Her eyes blurred on the shelf full of collected spices.

Malnutrition and misery sank her to her feet, and she slammed against the door, then reached for her phone.

Out of habit, she opened Instagram.

She was faced with women her age who had taken a nosedive into the Mommy-identity, and girls from her past posting fancy cocktails at trendy restaurants.

Speaking of moms.

She tapped the “favorites” button, then “Mom.” She held the phone to her ear for one second before hanging up. Good God, she didn’t even know what time it was. So instead she went to her cookbook collection to pick out just the right recipe, no matter how much energy it drained from her.

She knew which book she was going to pick. She knew it was always Marcella Hazan’s. But she took the time to linger over the spines nevertheless, like she was perusing high school pictures of old friends.

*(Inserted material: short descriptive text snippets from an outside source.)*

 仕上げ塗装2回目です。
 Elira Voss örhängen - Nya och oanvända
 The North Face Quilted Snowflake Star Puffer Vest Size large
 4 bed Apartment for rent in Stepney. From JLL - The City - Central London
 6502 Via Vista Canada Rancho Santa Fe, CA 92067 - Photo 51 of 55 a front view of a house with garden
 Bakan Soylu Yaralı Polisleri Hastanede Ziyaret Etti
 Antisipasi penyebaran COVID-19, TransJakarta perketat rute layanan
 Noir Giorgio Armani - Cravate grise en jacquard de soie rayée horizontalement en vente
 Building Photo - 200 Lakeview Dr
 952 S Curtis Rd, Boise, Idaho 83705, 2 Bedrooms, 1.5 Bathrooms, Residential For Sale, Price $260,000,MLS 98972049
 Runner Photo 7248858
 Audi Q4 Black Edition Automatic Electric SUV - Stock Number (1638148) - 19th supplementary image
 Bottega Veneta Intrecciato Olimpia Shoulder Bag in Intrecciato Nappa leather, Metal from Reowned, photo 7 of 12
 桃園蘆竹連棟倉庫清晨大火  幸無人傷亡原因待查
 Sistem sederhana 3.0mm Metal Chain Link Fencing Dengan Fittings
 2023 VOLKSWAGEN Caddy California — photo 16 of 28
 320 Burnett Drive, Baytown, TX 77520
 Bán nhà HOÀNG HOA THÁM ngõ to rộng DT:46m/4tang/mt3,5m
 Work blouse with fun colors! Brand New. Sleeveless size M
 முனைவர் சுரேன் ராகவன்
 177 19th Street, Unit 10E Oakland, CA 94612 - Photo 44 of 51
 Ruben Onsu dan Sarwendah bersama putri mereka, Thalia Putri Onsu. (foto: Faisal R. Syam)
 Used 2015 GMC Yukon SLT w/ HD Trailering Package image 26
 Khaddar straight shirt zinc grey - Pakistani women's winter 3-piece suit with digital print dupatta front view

The Enchanted Broccoli Forest. Oh, what a pleasure that was! Mollie Katzen’s handwritten and illustrated recipes that recalled some glorious time in upstate New York when a girl with an appetite could work at a funky vegetarian restaurant and jot down some tasty favorites between shifts. That one had the Pumpkin Tureen soup that Margo had made so many times when she first got the book. She loved the cheesy onion soup served from a pumpkin with a hot dash of horseradish and rye croutons. And the Cardamom Coffee Cake, full of butter, real vanilla, and rich brown sugar, said to be a favorite at the restaurant, where Margo loved to imagine the patrons picking up extras to take back to their green, grassy, shady farmhouses dotted along winding country roads.